È anche vero che occorre fare attenzione alla formula della assoluzione. Se il fatto non sussiste o l’imputato non lo ha commesso, l’abbaglio del pubblico ministero riguarda lo stesso fatto materiale oggetto dell’accusa. Se il fatto non costituisce reato, l’errore è nella sua qualificazione come penalmente perseguibile, mentre può essere un fatto per il quale vi può essere una responsabilità amministrativa o politica. Ma in questo caso la supplenza della giurisdizione penale, che agisce per l’inerzia di altre istituzioni, manifesterebbe una distorsione nello svolgimento della diverse competenze.

Ciò non significa che vi siano altre situazioni, nelle quali non è in gioco la rappresentanza elettiva, ma la nomina a funzioni pubbliche politico-amministrative, come nel caso dell’assessore Muraro. L’esistenza di quello che in altri tempi si sarebbe chiamato un “carico pendente”, un procedimento penale in corso, tanto più se per reati che arrecano danno alla stessa amministrazione, può sconsigliare se non addirittura precludere la assunzione o il mantenimento della carica per la quale non vi è stata una investitura popolare.
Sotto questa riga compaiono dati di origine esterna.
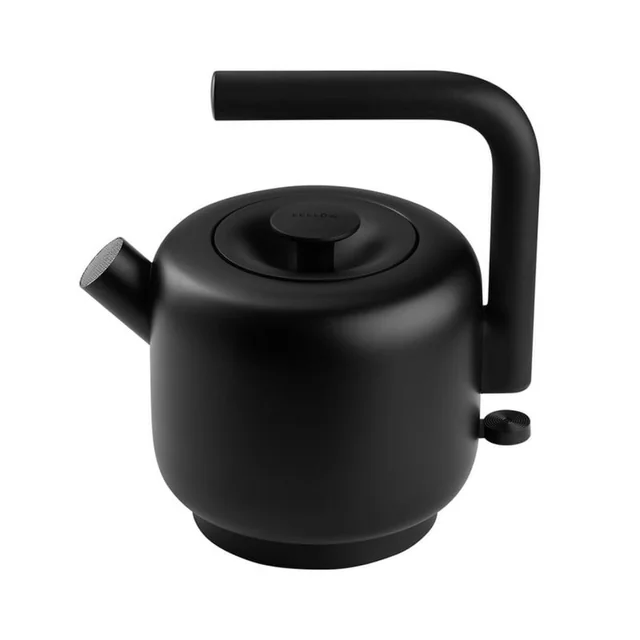 Fellow Clyde Kettle Black Silicone Stainless Steel 1,5 L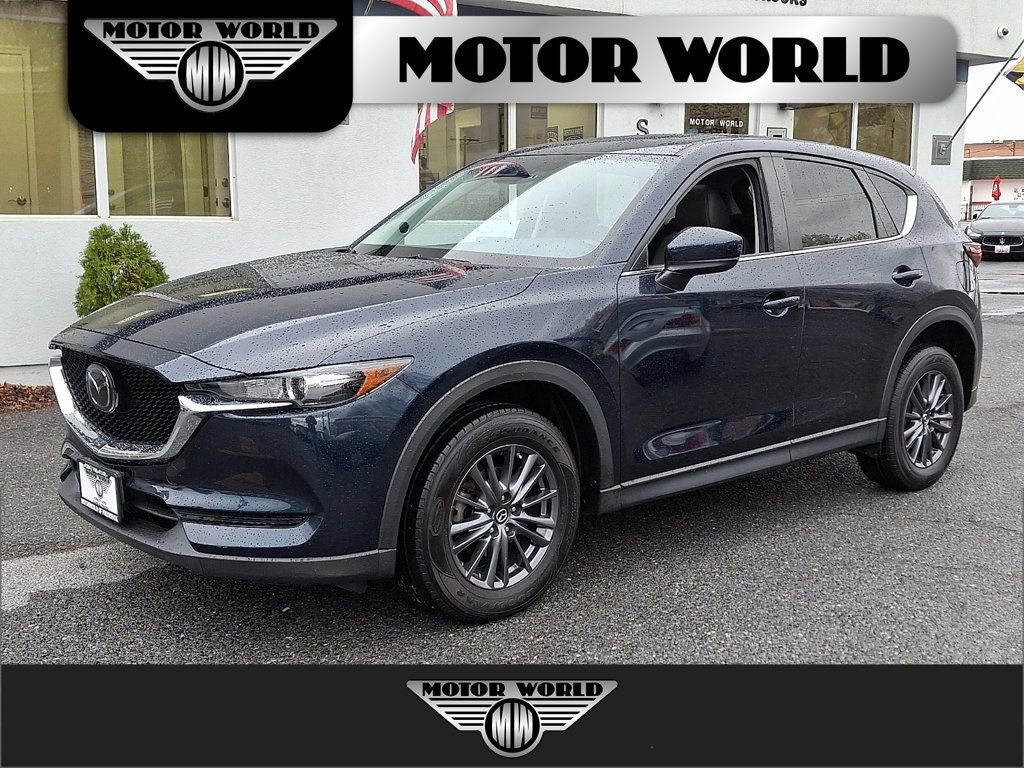 Used 2020 MAZDA CX-5 Touring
Sullo sfondo rimangono i tempi lunghi giustizia. La ragionevole durata dei processi, che pure la costituzione prevede e che va valutata tenendo anche conto degli interessi istituzionali in gioco, imporrebbe un rapido accertamento della esistenza o meno di responsabilità penali quando le attese, e le incertezze che ne derivano, determinano effetti così negativi.